Pre-draft measurables
| Height | Weight | Arm length | Hand span | Wingspan | 40-yard dash | 10-yard split | 20-yard split | 20-yard shuttle | Three-cone drill | Vertical jump | Broad jump | Bench press |
| 5 ft 8+1⁄2 in (1.74 m) | 204 lb (93 kg) | 28+1⁄4 in (0.72 m) | 9+1⁄4 in (0.23 m) | 5 ft 10+5⁄8 in (1.79 m) | 4.69 s | 1.63 s | 2.75 s | 4.44 s | 7.40 s | 32.5 in (0.83 m) | 9 ft 0 in (2.74 m) | 20 reps |
All values from Pro Day

=== Michigan Panthers ===
Taua signed with the Michigan Panthers and played his first game on June 10, 2023. He re-signed with the Panthers and played in two games during the 2024 season.

On March 20, 2025, Taua was released by the Panthers and re-signed on April 10. He would later become a starting running back for the Panthers.

=== Cleveland Browns ===
On July 26, 2025, Taua signed with the Cleveland Browns. On August 21, Taua was waived by the Browns.

=== Michigan Panthers (second stint) ===
On September 18, 2025, Taua re-signed with the Panthers.

=== Columbus Aviators ===
On January 13, 2026, Taua was selected by the Columbus Aviators in the 2026 UFL draft.

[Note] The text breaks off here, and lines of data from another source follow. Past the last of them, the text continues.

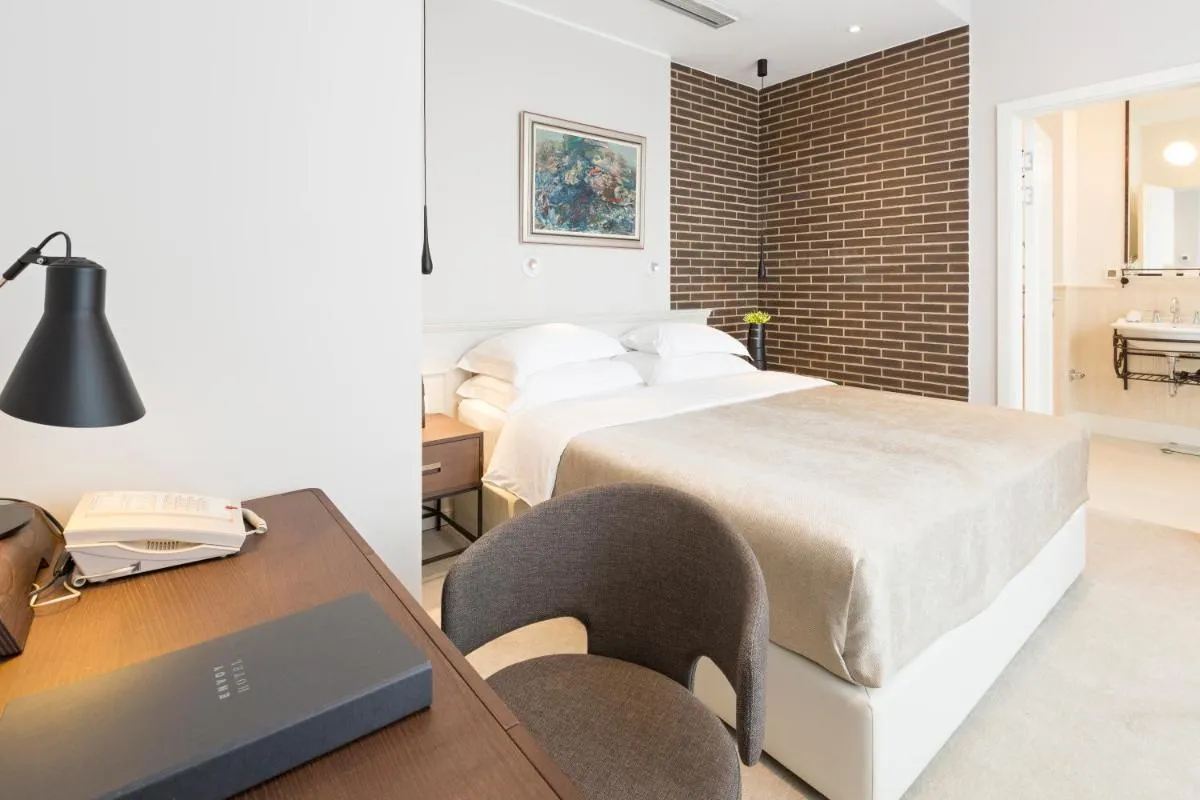 Envoy Hotel — 2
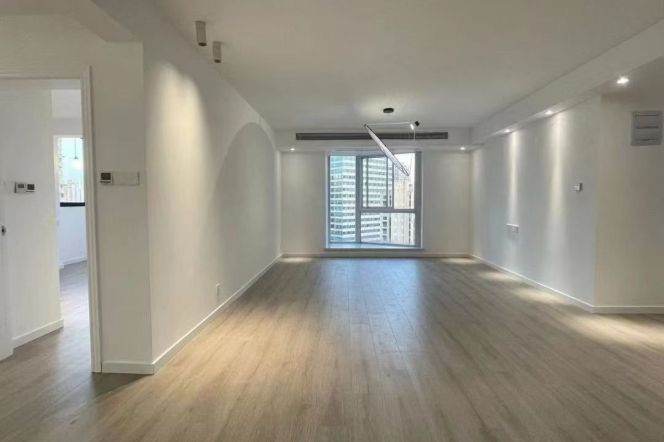 High-Floor Spacious 3BR Apartment near Xintiandi (L1/L10/L13/L14)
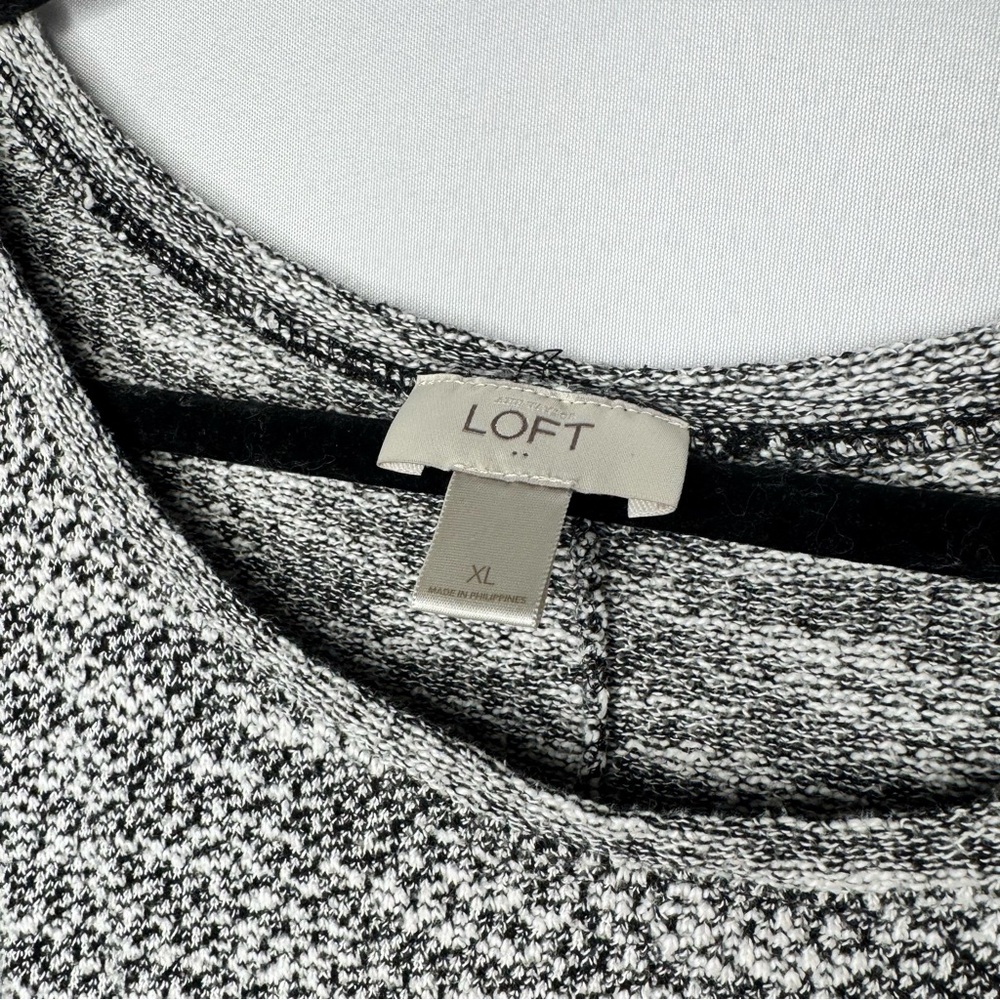 LOFT Black and White Knit Top - Picture 2 of 3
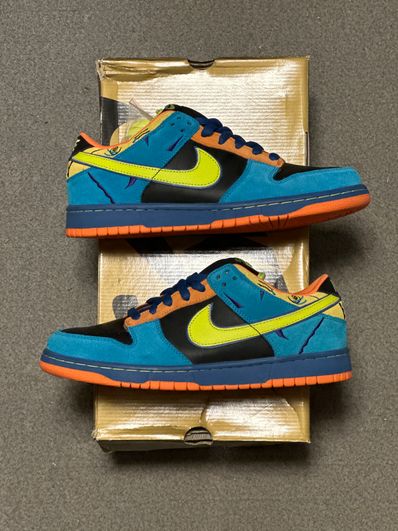Nike SB Dunk Low "Skate or Die"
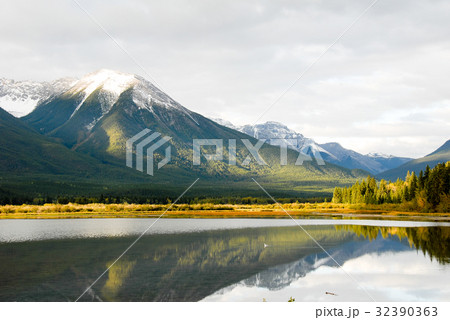 カナディアンロッキー　 秋の朝のバーミリオン・レイクと山並み 32390363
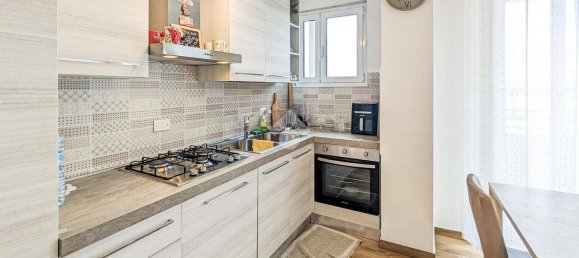 2 bedrooms Apartment in Milan, Italy No. 348604 4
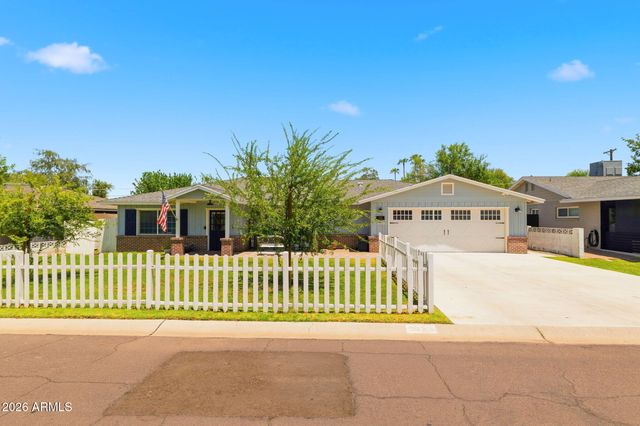 4628 E WINDSOR Avenue, Phoenix, AZ 85008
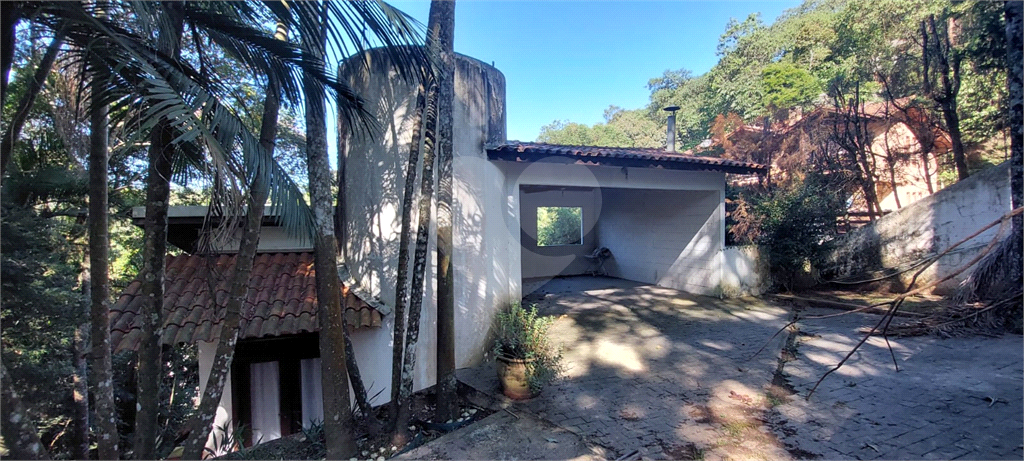 Casa de Condomínio à venda com 3 quartos, 350m² - Foto 3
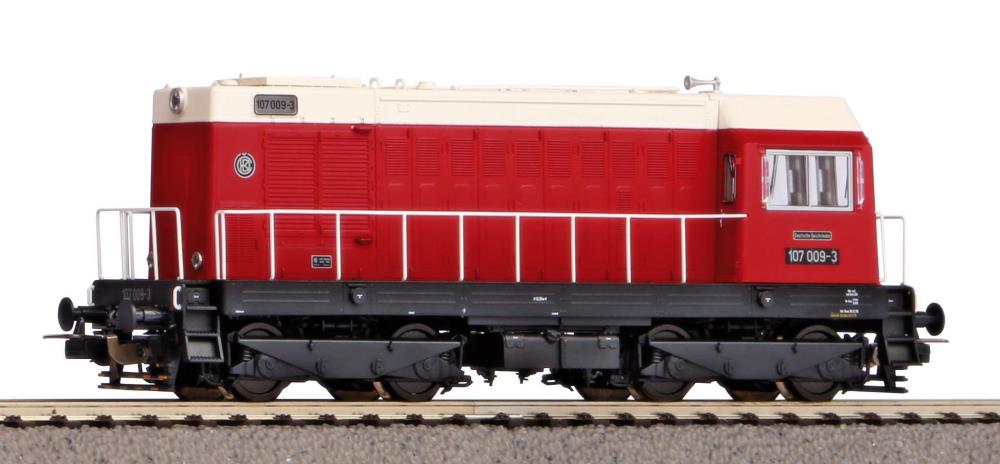 Diesellok BR 107 DR IV + DSS PluX22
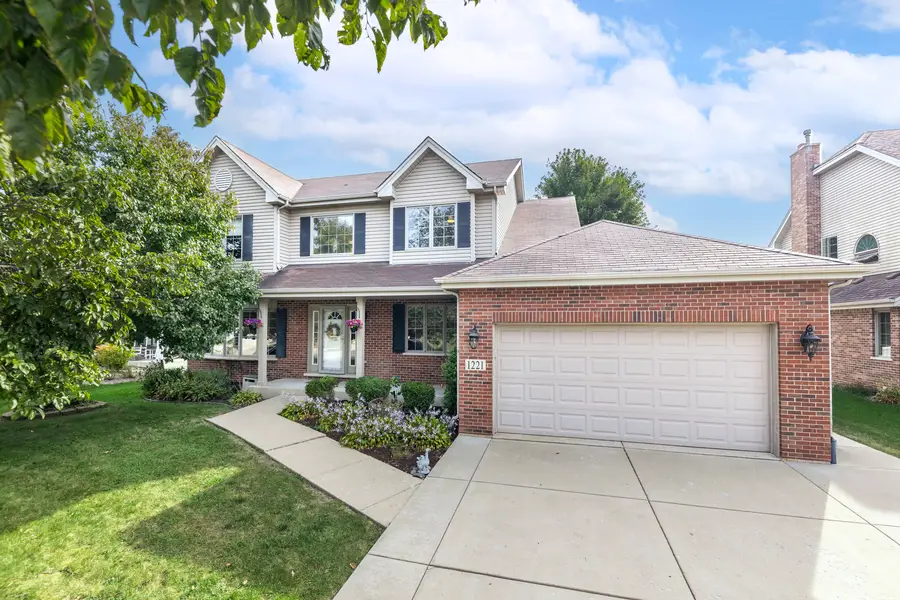 1221 Monmouth Drive, Lemont, IL 60439 - #2
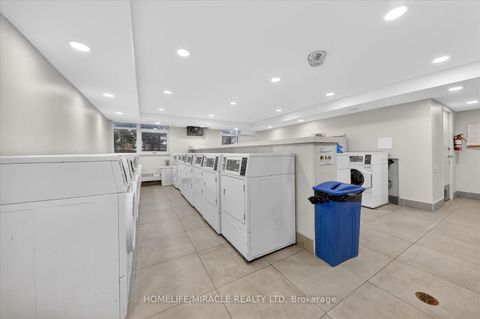 Photo 32 at 1909 - 100 Echo PT, L'Amoreaux, Toronto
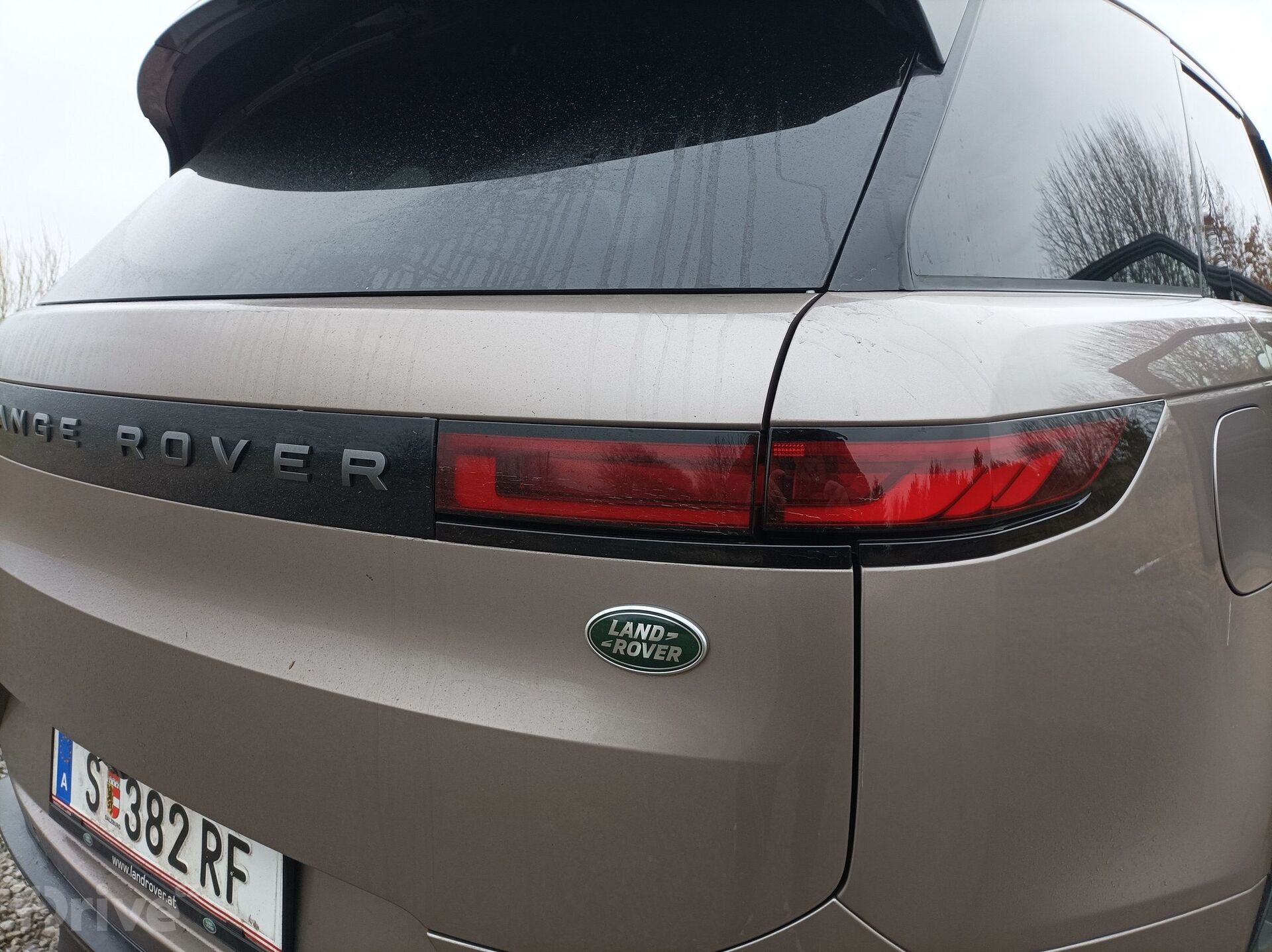 Range Rover Sport D300 Dynamic HSE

== USFL/UFL career statistics ==

| Year | Team | League | Games |  | Rushing |  |  |  |  | Receiving |  |  |  |  |
| GP | GS | Att | Yds | Avg | Lng | TD | Rec | Yds | Avg | Lng | TD |
| 2023 | MICH | USFL | 1 | 0 | 0 | 0 | 0.0 | 0 | 0 | 0 | 0 | 0.0 | 0 | 0 |
| 2024 | MICH | UFL | 2 | 0 | 8 | 26 | 3.3 | 12 | 0 | 0 | 0 | 0.0 | 0 | 0 |
| 2025 | MICH | 7 | 4 | 81 | 357 | 4.4 | 21 | 6 | 9 | 76 | 8.4 | 25 | 0 |
| 2026 | CLB | 10 | 3 | 65 | 311 | 4.8 | 22 | 3 | 15 | 92 | 6.1 | 17 | 0 |
| Career |  |  | 20 | 7 | 154 | 694 | 4.5 | 22 | 9 | 24 | 168 | 7.0 | 25 | 0 |

==Personal life==
Taua has two sisters named Lagi and Tasi. His older brother Vai Taua previously played college football at Nevada before signing with the Buffalo Bills and Seattle Seahawks during the 2011 and 2012 NFL seasons. Taua's brother Ainuu also played college football for the UCLA Bruins. Taua named Junior Seau as his sports hero.